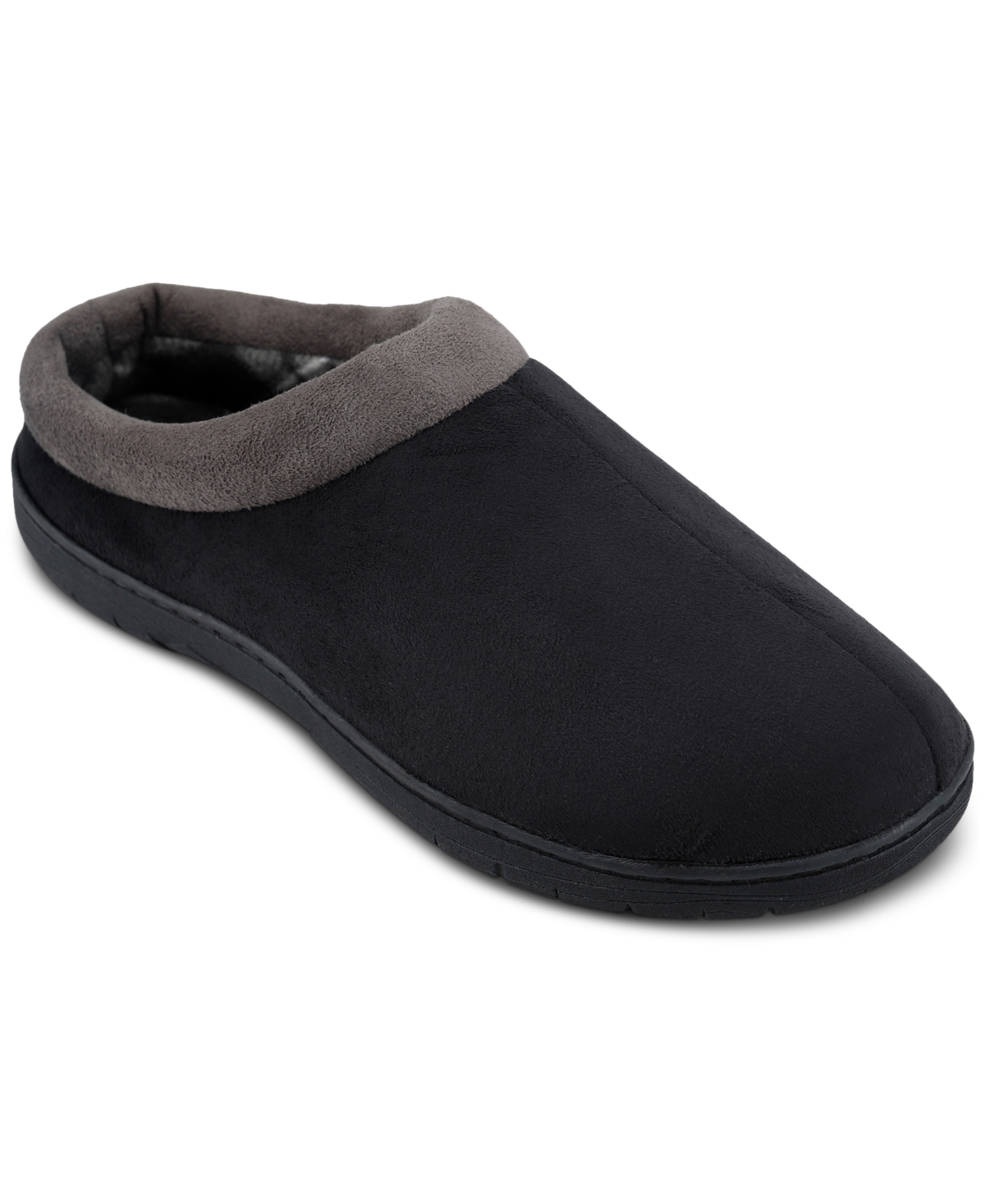 Men's Indoor/Outdoor Microsuede Clog Slipper with Plaid Fleece Lining - Brown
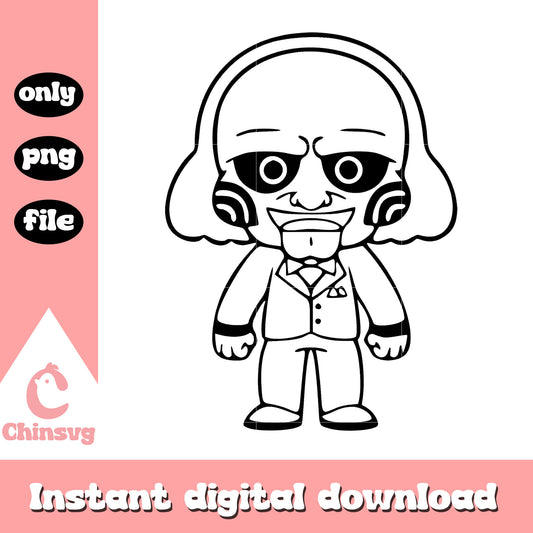 Jigsaw chibi horror design png, saw film series png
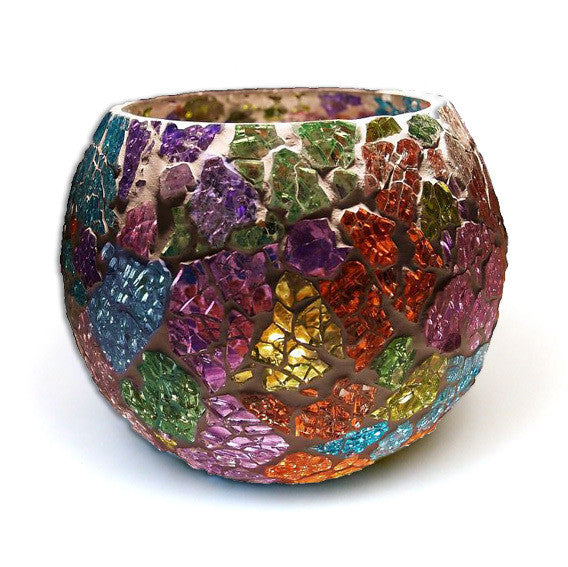 Mediterranean tea light holder crackled glass - sphere multi-colour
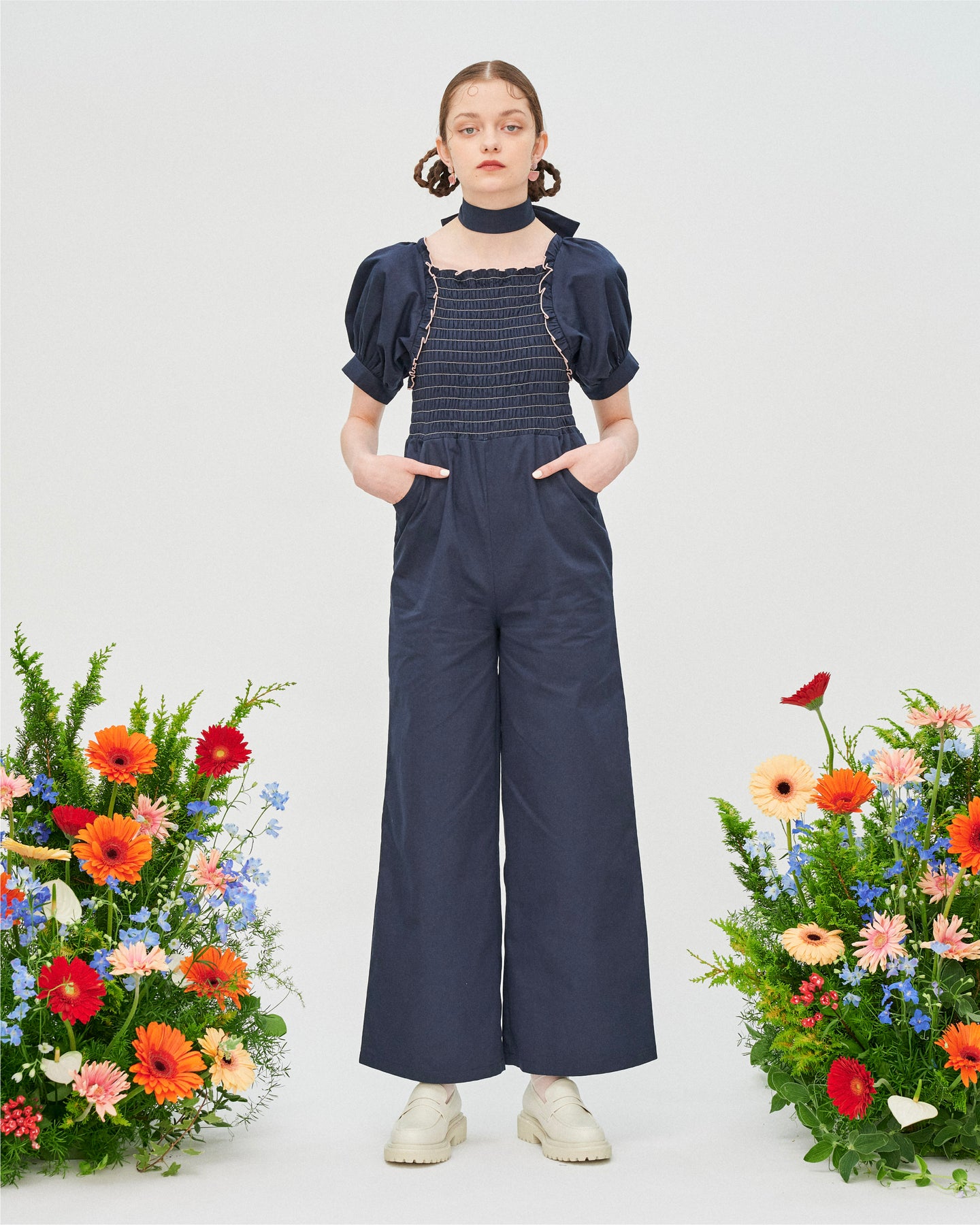 シャーリングロンパース(ネイビー) / shirring rompers(navy) – POPPY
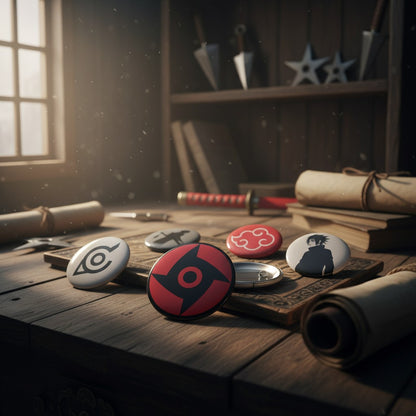 Badges Naruto 50mm NIPPON DOKI STORE avec symboles emblématiques sur une table en bois style ninja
★ ★ ★ ★ ★
PROBLEM DESCRIPTION
Would you please set down the listing above exactly, minus its images?

ANSWER SPACE
 Men's Indoor/Outdoor Microsuede Clog Slipper with Plaid Fleece Lining - Brown
 Jigsaw chibi horror design png, saw film series png
 Mediterranean tea light holder crackled glass - sphere multi-colour
 シャーリングロンパース(ネイビー) / shirring rompers(navy) – POPPY
 Badges Naruto 50mm NIPPON DOKI STORE avec symboles emblématiques sur une table en bois style ninja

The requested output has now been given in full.